WHAT YOU WILL DO
What needs reproducing is the run of lines in the data below starting at the line with "Guochao Blooming Prosperity" and ending at the line with "USPS Collection Box - Blue Box map", both ends included. Copy it exactly, without pictures, and add nothing.

RECORDED INFORMATION
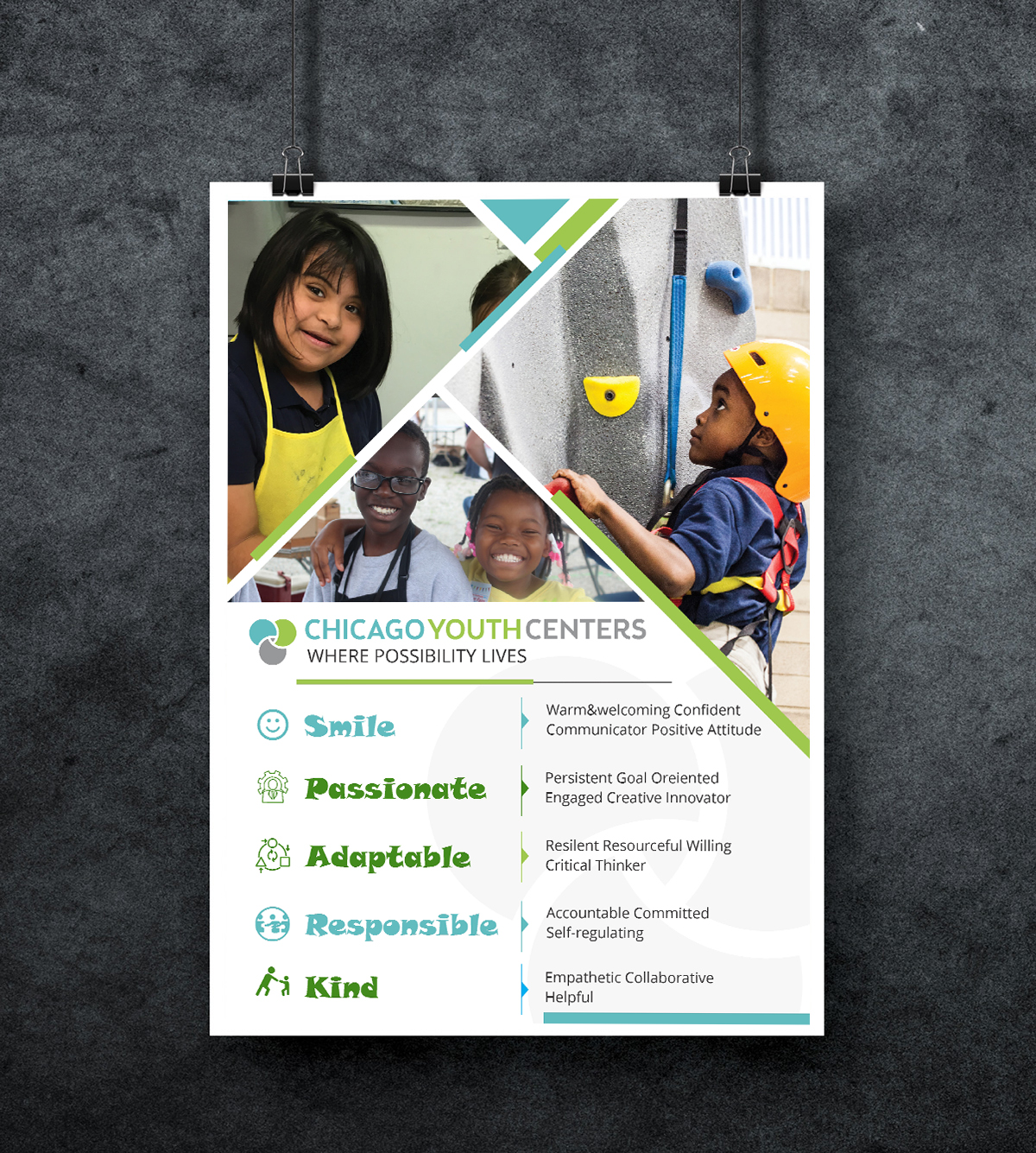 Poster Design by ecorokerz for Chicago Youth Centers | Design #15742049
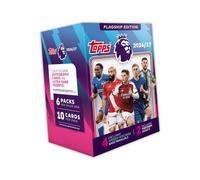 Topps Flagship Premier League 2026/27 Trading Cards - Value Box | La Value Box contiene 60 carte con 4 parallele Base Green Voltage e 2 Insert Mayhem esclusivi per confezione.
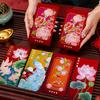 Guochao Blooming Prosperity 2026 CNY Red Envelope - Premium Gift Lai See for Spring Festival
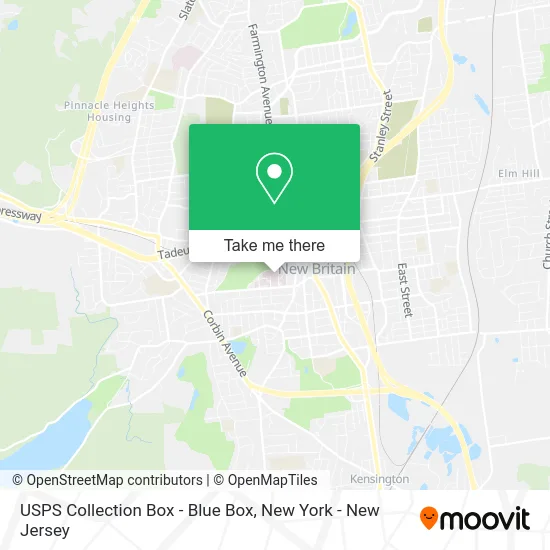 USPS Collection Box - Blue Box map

==

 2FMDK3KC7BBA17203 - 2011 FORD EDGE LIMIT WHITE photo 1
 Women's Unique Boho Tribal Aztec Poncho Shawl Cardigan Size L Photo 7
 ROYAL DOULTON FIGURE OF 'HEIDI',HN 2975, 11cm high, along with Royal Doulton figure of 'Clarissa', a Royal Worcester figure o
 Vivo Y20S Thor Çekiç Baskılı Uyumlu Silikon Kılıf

==

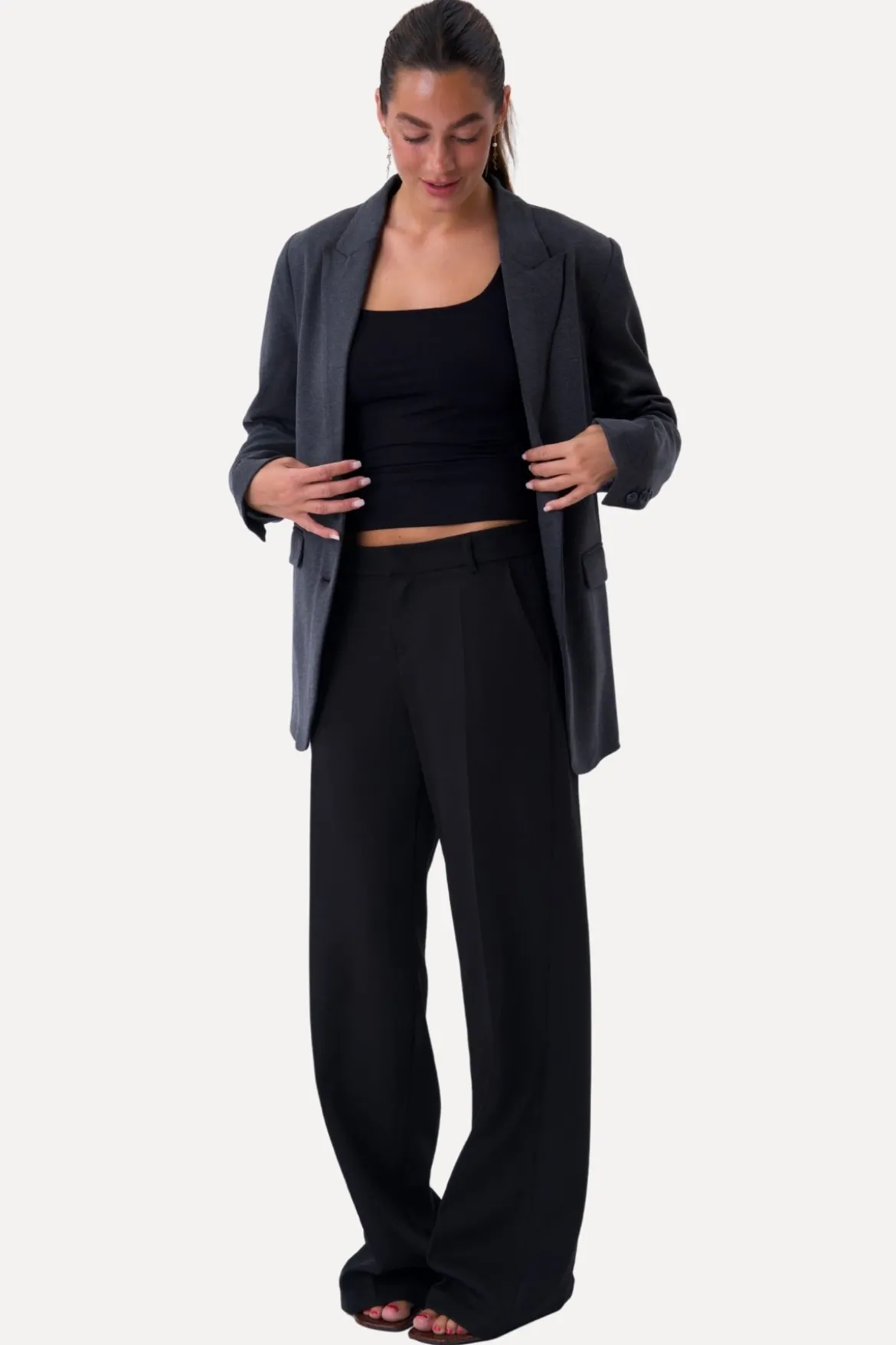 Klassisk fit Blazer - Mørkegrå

WRITTEN SOLUTION
 Guochao Blooming Prosperity 2026 CNY Red Envelope - Premium Gift Lai See for Spring Festival
 USPS Collection Box - Blue Box map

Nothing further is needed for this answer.